### [Your assignment]
Return the listing exactly, please; no pictures.

### [Provided data]
* * *
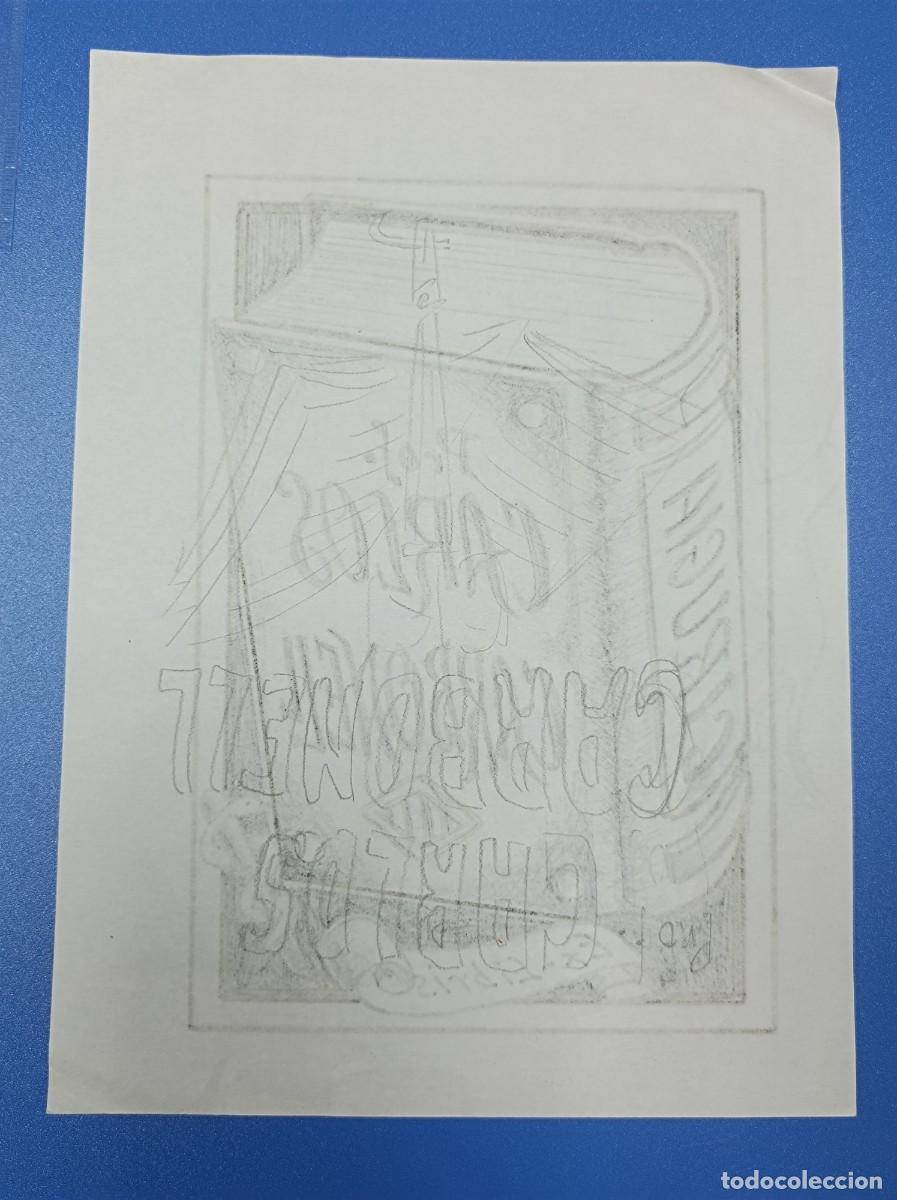 Arte: BOCETO ORIGINAL EX LIBRIS CARLOS CARBONELL - Foto 7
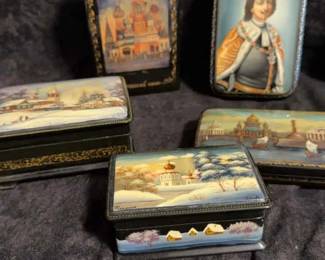 Russian Hand Painted Trinket Boxes 2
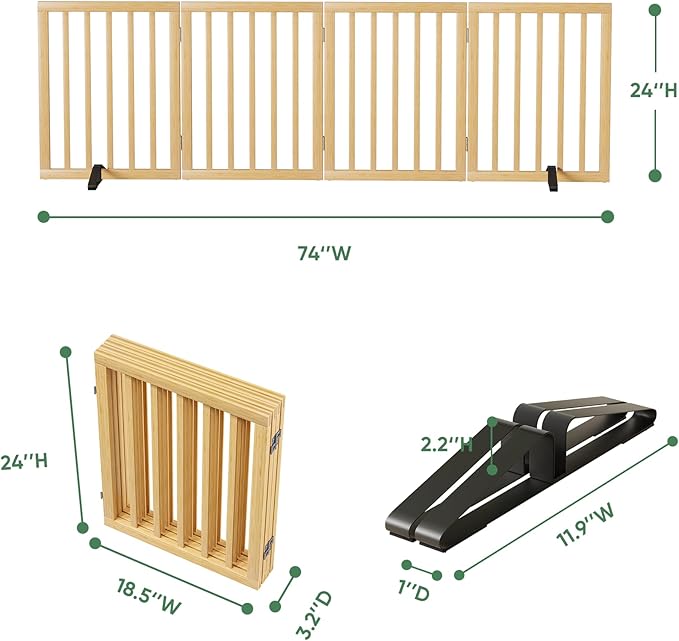 Dog Gate, Freestanding Dog Gates for Doorways, Indoor,Foldable Pet Gates for Doorways Bedroom, Puppy Gate with Metal Support Feet, Room Dividerr 4 Panels (Natural)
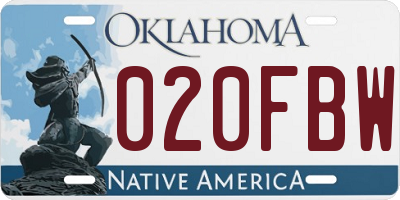 OK license plate 020FBW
* * *
### [Written answer]
 Arte: BOCETO ORIGINAL EX LIBRIS CARLOS CARBONELL - Foto 7
 Russian Hand Painted Trinket Boxes 2
 Dog Gate, Freestanding Dog Gates for Doorways, Indoor,Foldable Pet Gates for Doorways Bedroom, Puppy Gate with Metal Support Feet, Room Dividerr 4 Panels (Natural)
 OK license plate 020FBW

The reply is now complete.